In 1925, John T. Scopes, a high school science teacher in Dayton, Tenn., was indicted for the crime of teaching the theory of evolution to his students. Teaching Charles Darwin's "Origin of Species" in public schools had been made a crime the previous year by the Tennessee Legislature.
Journalist and author H.L. Mencken convinced the legendary trial lawyer Clarence Darrow to defend Scopes. Former Democratic presidential candidate and Christian fundamentalist William Jennings Bryan volunteered to join the prosecution.
What followed was perhaps the greatest spectacle to have ever taken place in an American courtroom. For most Americans, the Scopes trial was the moment when fundamentalism was exposed to the world as being anti-science, anti-reason and anti-logic.

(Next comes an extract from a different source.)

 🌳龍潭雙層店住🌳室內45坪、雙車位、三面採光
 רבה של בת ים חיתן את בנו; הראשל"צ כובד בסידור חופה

However, when one reads about what has been happening around the country over the past year or so regarding the teaching of evolution in public schools, it's as if the Scopes trial never happened.
To read what Mencken wrote in the Baltimore Sun on the eve of the Scopes trial is to see how little has changed in 80 years.
"Every step in human progress, from the first feeble stirrings in the abyss of time, has been opposed by the great majority of men. Every valuable thing that has been added to the store of man's possessions has been derided by them when it was new, and destroyed by them when they had the power. They have fought every new truth ever heard of, and they have killed every truth-seeker who got into their hands. The so-called religious organizations who now lead the war against the teaching of evolution are nothing more, at bottom, than conspiracies of the inferior man against his betters."
It's hard to say what's more saddening - that people still behave that way or that newspapers don't print reporting like that anymore.
I'll leave aside the current fear of newspapers, and how they're frightened that they might offend someone with a controversial thought. I'm more interested in Mencken's belief that "the human race is divided into two sharply differentiated and mutually antagonistic classes ... a small minority that plays with ideas and is capable of taking them in, and a vast majority that finds them painful, and is thus arrayed against them, and against all who have traffic with them."
The "booboisie," as Mencken often called them, have always been with us. There just seem to be more of them today, and they are no longer backwoods curiosities, but people in positions of power. These are people who believe in the superstition of religion and in the literal truth of the Bible.
Mencken's belief that the vast majority of people find thinking to be a painful act is borne out by the opinion polls that show about two-thirds of Americans support teaching creationism and evolution side-by-side in public schools. Why are other countries overtaking the United States in science and technology? Might it be because education in this country is under attack by fundamentalists who want to censor what they don't agree with and bully teachers into only teaching the Bible's view of the world?
If you want to believe that God created the world in seven days, that is your right. However, you don't have the right to force me or anyone else to believe it. Even if you dress up creationism with a bit of science and call it "intelligent design," it still is pushing the Bible's version of events, a version thoroughly and completely discredited by science.
"Evolution by natural selection, the central concept of the life's work of Charles Darwin, is a theory," wrote David Quammen, an award-winning science author, in the November 2004 issue of National Geographic magazine.
"It's a theory about the origin of adaptation, complexity and diversity among Earth's living creatures. If you are skeptical by nature, unfamiliar with the terminology of science and unaware of the overwhelming evidence, you might even be tempted to say it's 'just' a theory. In the same sense, relativity as described by Albert Einstein is 'just' a theory. The notion that Earth orbits around the sun, rather than vice versa, offered by Copernicus in 1543, is a 'theory' ... Each of these theories is an explanation that has been confirmed to such a degree, by observation and experiment, that knowledgeable experts accept it as fact."
History shows us that when fundamentalism - be it Christian, Islamic, Judaic or Buddhist - takes hold, stagnation and disaster usually follows.